The obituary on Rainy Stitzlein (“Stitzlein, who led UA trustees during state probe, dies at 84”) quotes an old editorial that said Mrs. Stitzlein was “ill-equipped to lead this group of trustees through the restructuring and healing process now needed at the university.”
But Mrs. Stitzlein remained on the job until the end of her term, the obituary said, as if she should not have remained because the editorial staff said so, so many years ago.
Opinions and resentments are hard to shed, even in the obituary of one who gave so much to the community for so many years.
Here’s a clue: When writing an obituary, it’s OK to quote someone else. Otherwise, keep your opinions to yourself.
American Dream or nightmare?
Over the past 50 years, people’s beliefs, and what they try to accomplish, have become more of a nightmare than a dream.
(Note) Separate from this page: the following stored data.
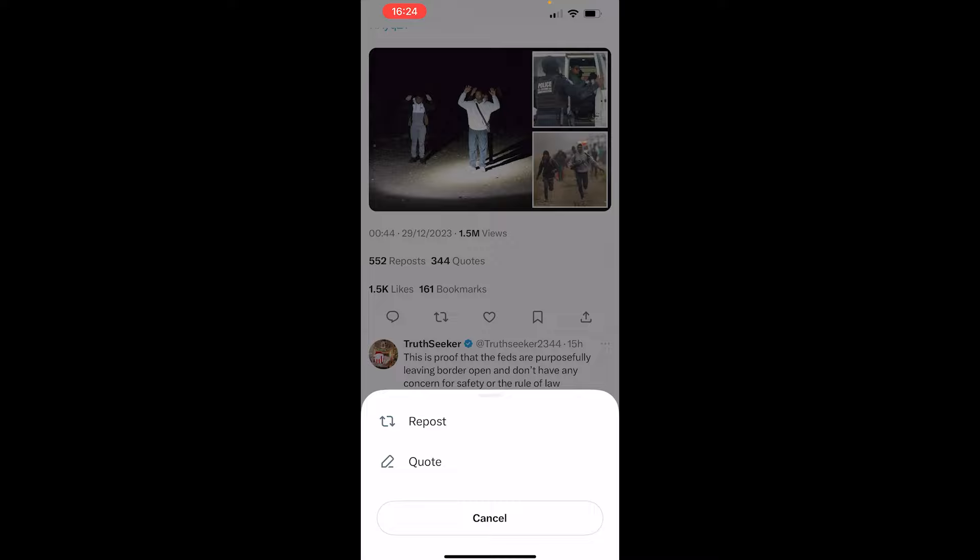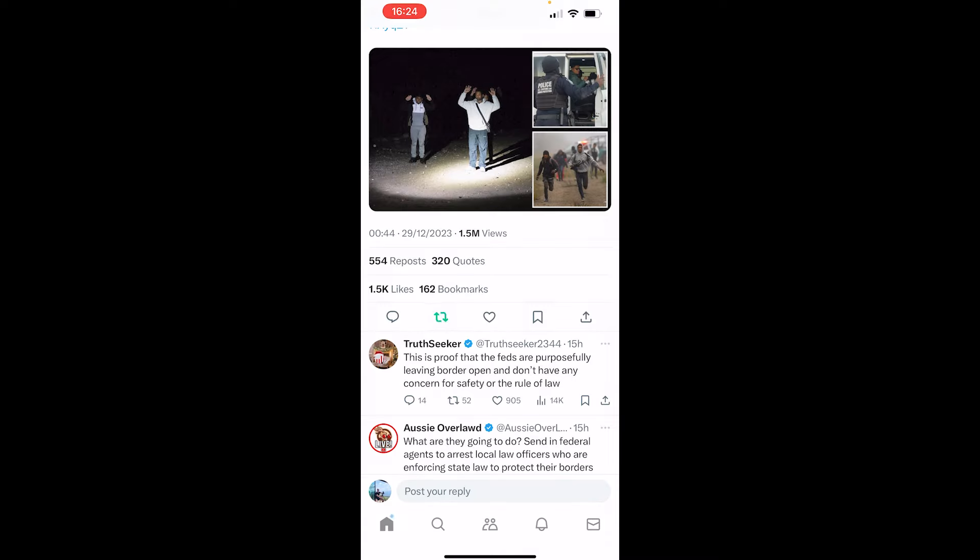It's going to ask you if you want to repost or quote it. If you quote it, you can essentially write a reply and repost it. But if you just want to repost it with no reply or comment, just click on repost.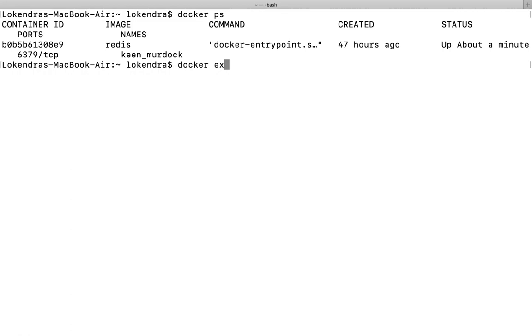Let's see docker exec hyphen it flag. As we discussed in a previous video, we provide the hyphen it flag, and after that we will run a shell command.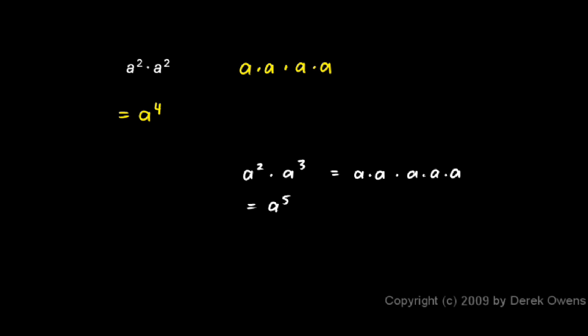So again, the rule is when you're multiplying two exponents together that have the same base, you add the exponents.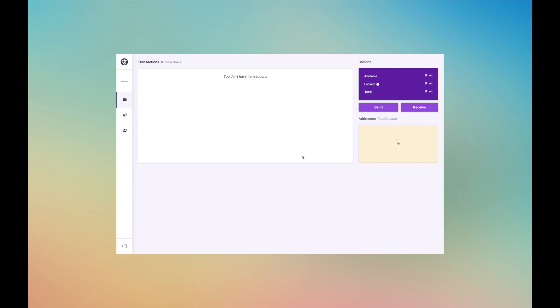Step 7. Your Witnet wallet has now been set up. To receive tokens, you'll need to create a Witnet public address.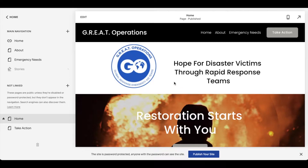Hi there, friends. In today's video, I'm going to be showing you how to create a hyperlink in your Squarespace website. It's actually really easy — let's do it right now.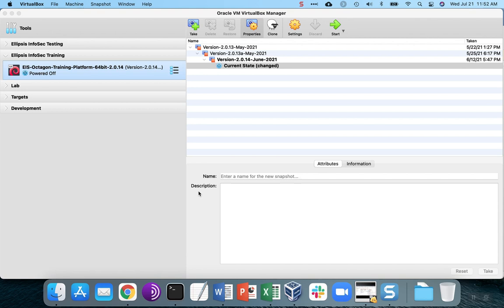What basically happens is you start the virtual machine, and you can log into it, but then you're just presented with a blank screen that just has a black background.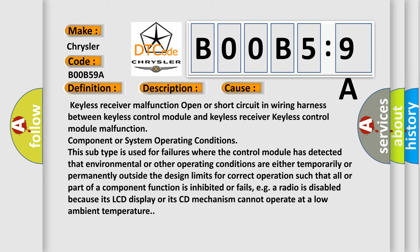Component or system operating conditions: This subtype is used for failures where the control module has detected that environmental or other operating conditions are either temporarily or permanently outside the design limits for correct operation, such that all or part of a component function is inhibited or fails. For example, a radio is disabled because its LCD display or its CD mechanism cannot operate at a low ambient temperature.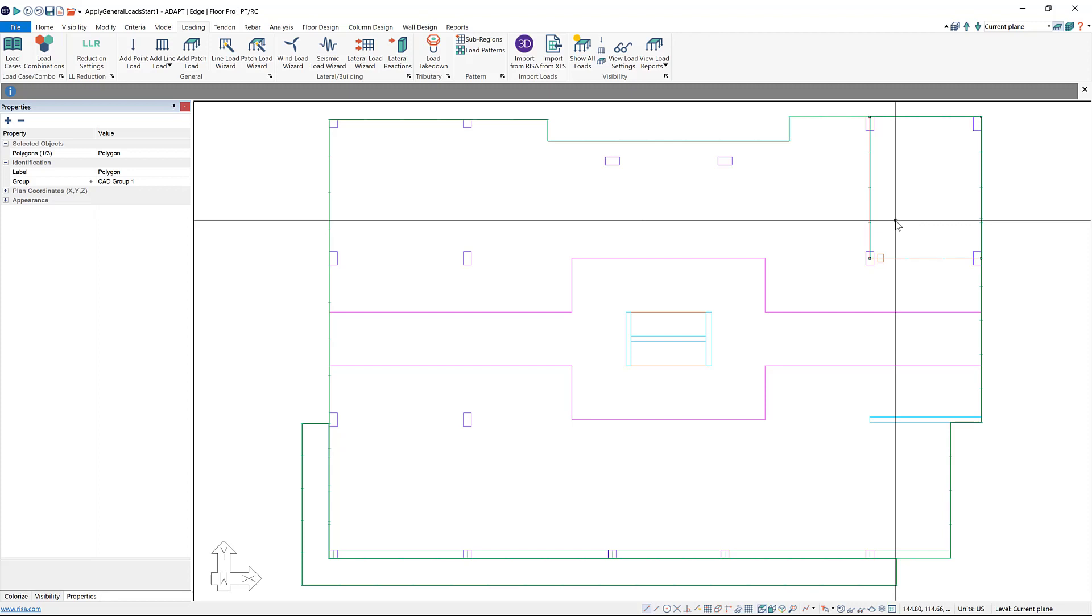So patch loads are additive. You can also use them to subtract load from an area by applying a negative patch load overlapping another patch load.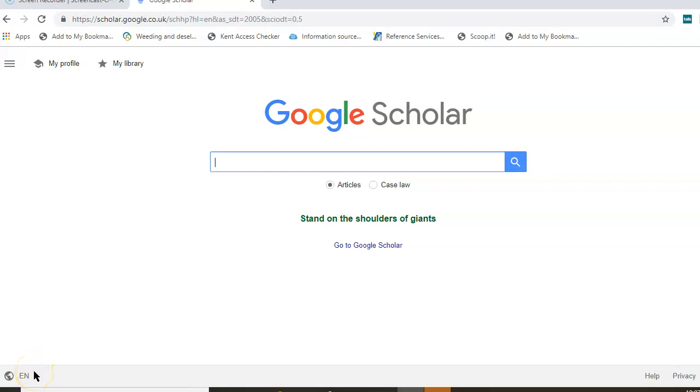This is an introduction to using Google Scholar, a source to search for journal articles, cases, and book citations conveniently in one place from across the web.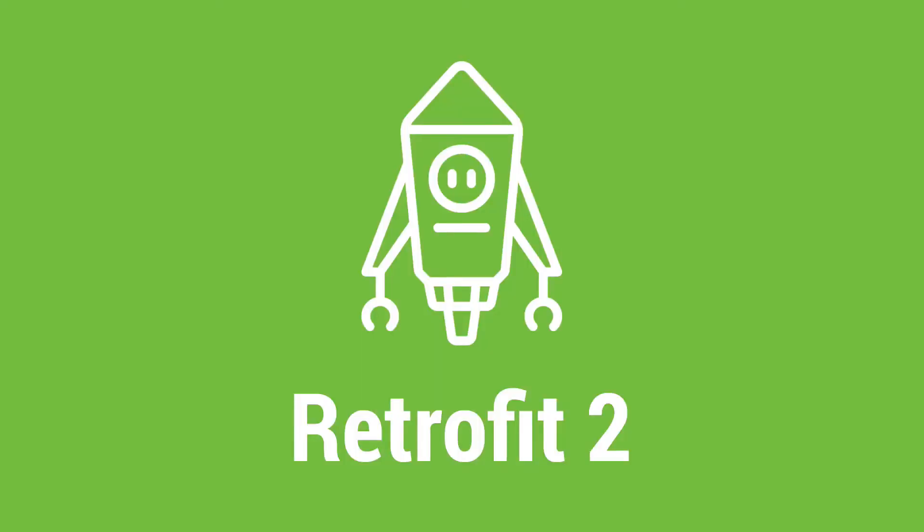This video is part of a Retrofit course. In the description below, you can find a coupon code using which you can buy this course with a discount price.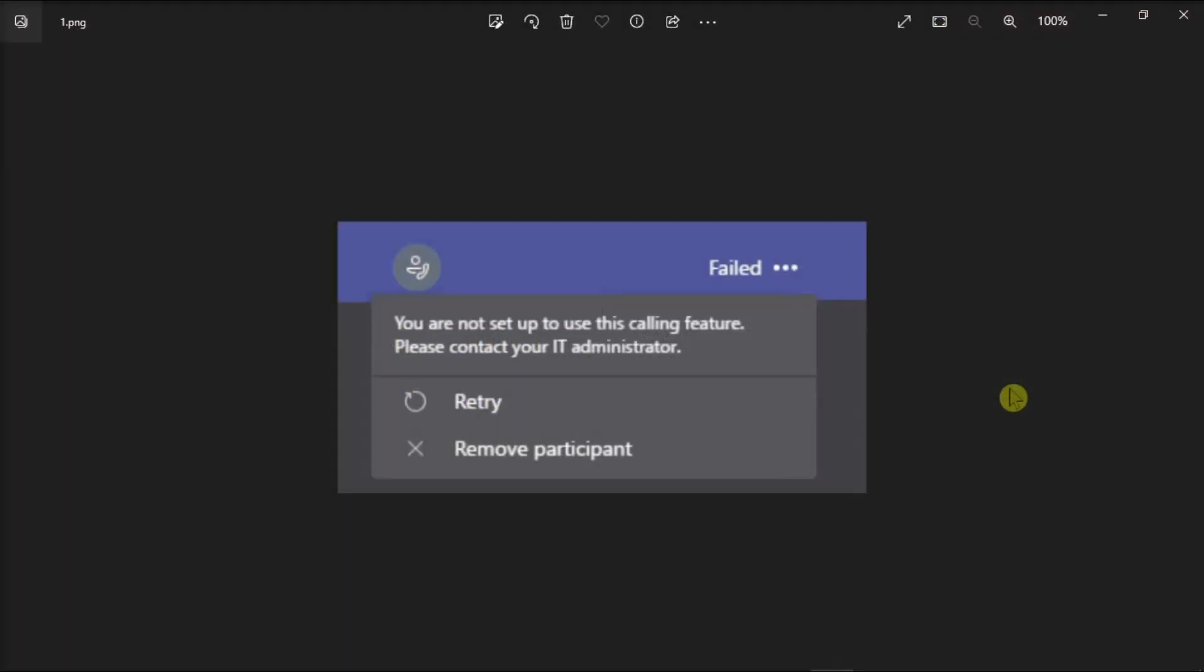Microsoft Teams may sometimes inform you that your account is not set up to use the calling feature. And when you get this error message, as a quick fix, try to log out, exit Microsoft Teams, and then restart your computer.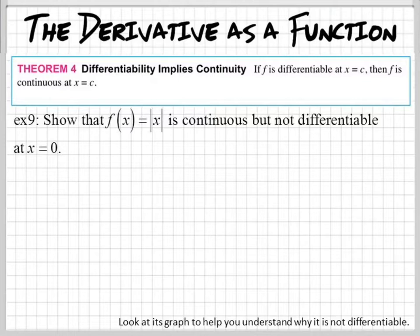Differentiability implies continuity. Why? Because if a function is discontinuous at a point, you cannot take the derivative at that point.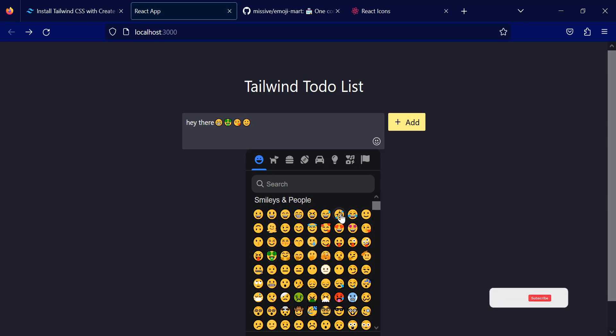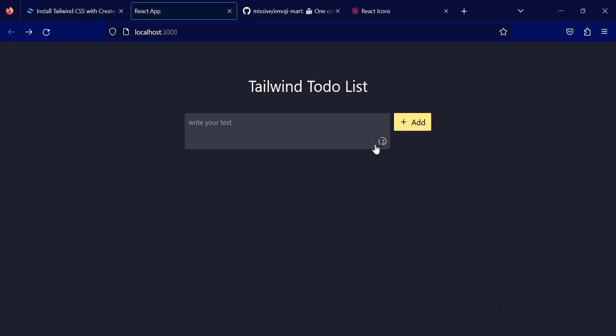That's it for this video. In the next video we will implement the functionality of adding, deleting, and updating a to-do list. See you in the next video.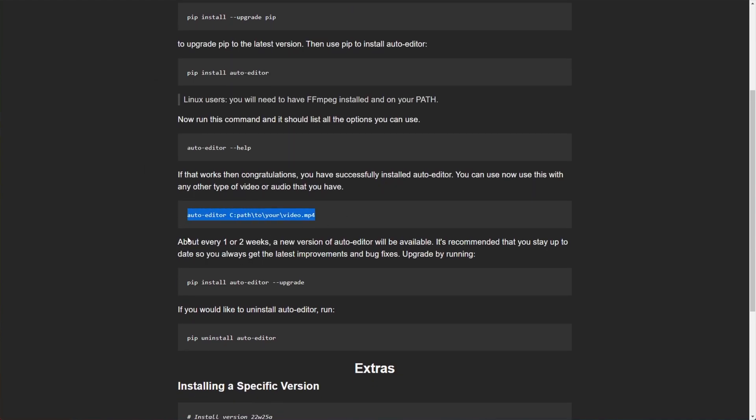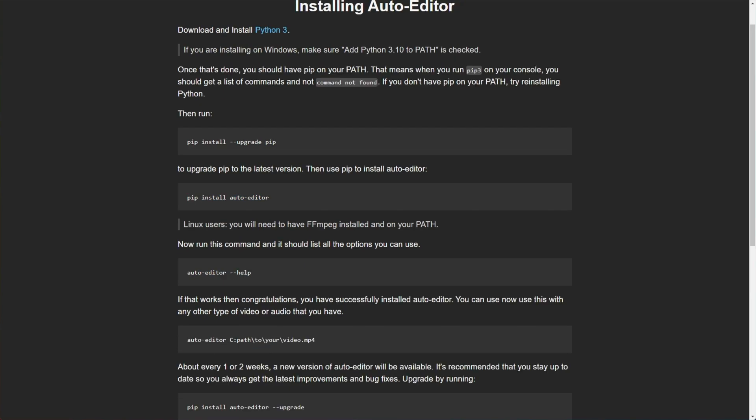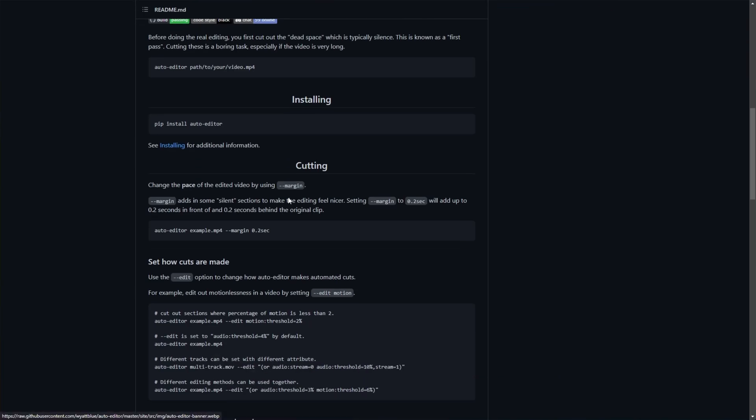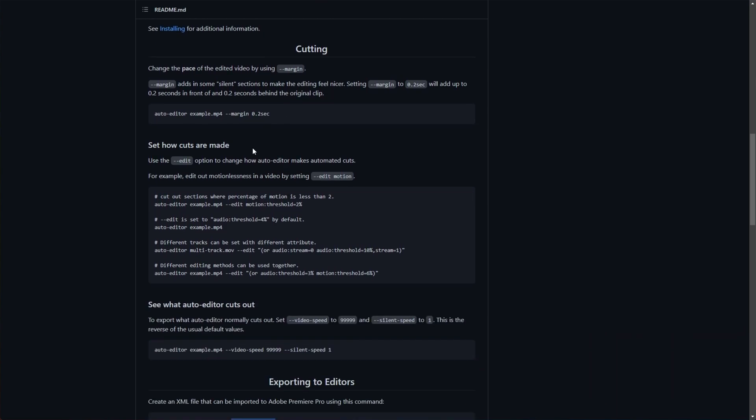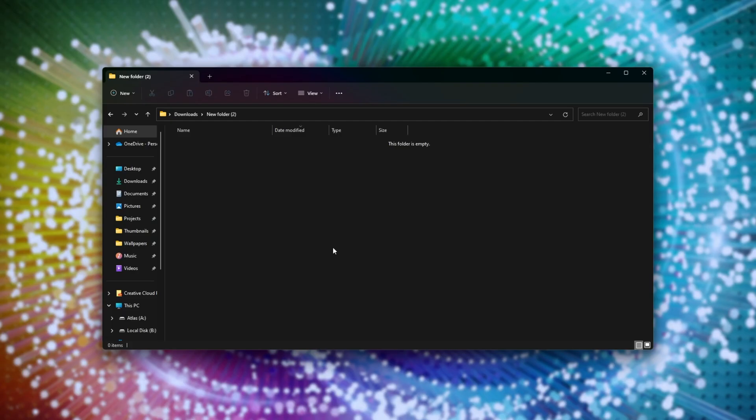Scrolling down further, we get some examples of how to use it, how to upgrade it later on, and how to uninstall it. Now that it's done installing, how do we use it? Well, we'll be using this simple command here. I'll open up a new folder here in my downloads.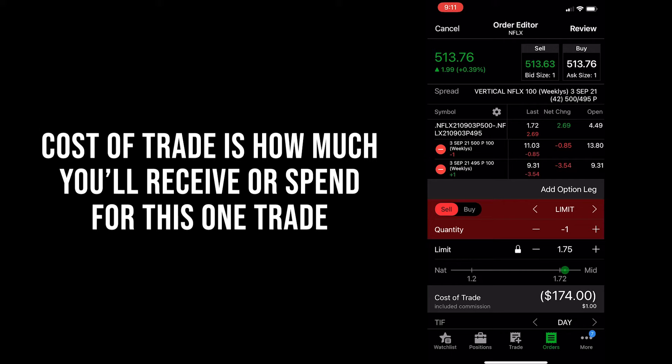This is how much you'll receive or pay for a trade. For a credit spread, we'll be receiving money. In this case, the limit price is $1.75 in this example. However, we're only receiving $1.74 of credit as indicated by the bracket around the 174. Underneath that, you'll see the dollar of commission, which is taken out of our total. So it's $175 minus $1, which equals $174 due to that $1 commission that TD will charge us to get this trade filled.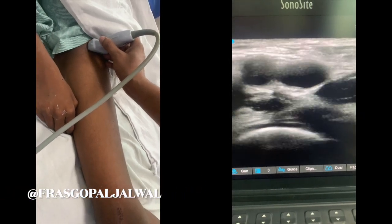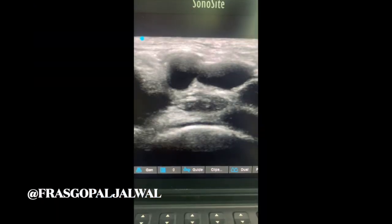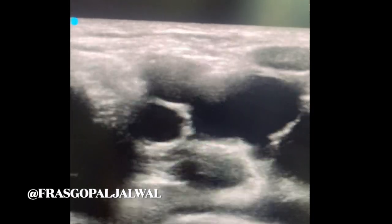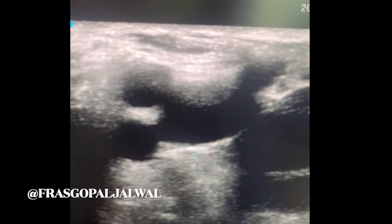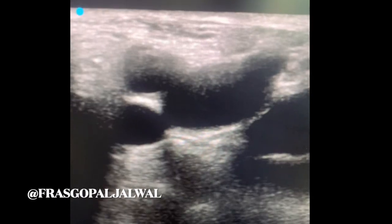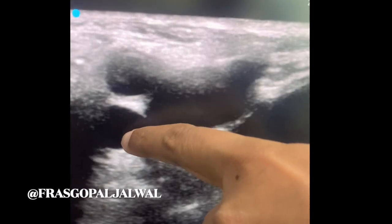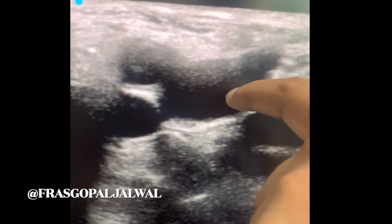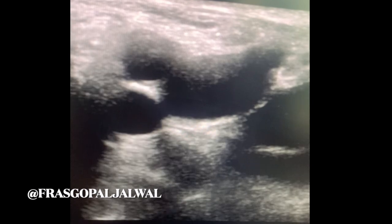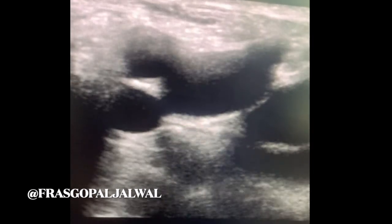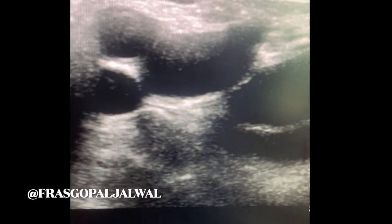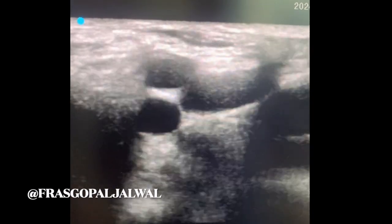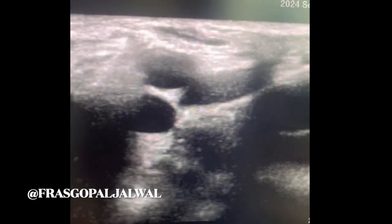Now I am moving my probe in a caudal direction, around 2 cm below the inguinal crease, where you will see a Mickey Mouse appearance. In the Mickey Mouse appearance, this is the femoral artery, this is the profunda femoral artery, and this is the femoral vein. You can also see another vein arising from the common femoral vein — that is the great saphenous vein. Again, we compress the vein to assess whether the anterior and posterior walls are touching each other. You can see the anterior and posterior walls of the femoral vein and great saphenous vein are touching each other, meaning there is no thrombus inside the femoral vein.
Unless you were born with a silver spoon in your mouth, have rich relatives or won the lottery, you are probably in the 98 percent, working to survive or to become wealthy.
In your busy life, you may have forgotten that God helps those who help themselves, if they believe in his words, his simple commandments.
Ironically, it seems that most, if not all, modern politicians, successful investors and business leaders have been educated to follow a new ideology and set of principles.
Why risk your own position and capital when you can beg, borrow or literally steal (or use) other people’s knowledge, influence and wealth?
How has character, morals and work improved with this mindset?
Ask multibillionaire George Soros, among the wealthiest men in the world, how he got his wealth. Currency trading has to be top on his list. You might wonder how many jobs his billions have created.
Our government’s $16 trillion debt has taken full advantage of the taxpayer’s wealth, billions of dollars foolishly spent daily, much of it just to remain in office. Hundreds of members of Congress and Cabinet members have become millionaires virtually overnight.
Ignoring conscience, why would any government or union worker want to change the goose that lays golden eggs? If you are not in government, or in a union, or on welfare, you must be working in the taxpaying private sector. You have to follow rules.
The big difference between now and 50 years ago is that our reaction time has run out. Huge taxes to pay for waste and corruption and for the stuff we need for survival will increase, starting in 2013.
This unlucky year of more trillion-dollar deficits, world threats, genocide and wars will cost billions in taxes, causing ordinary people to go over the cliff.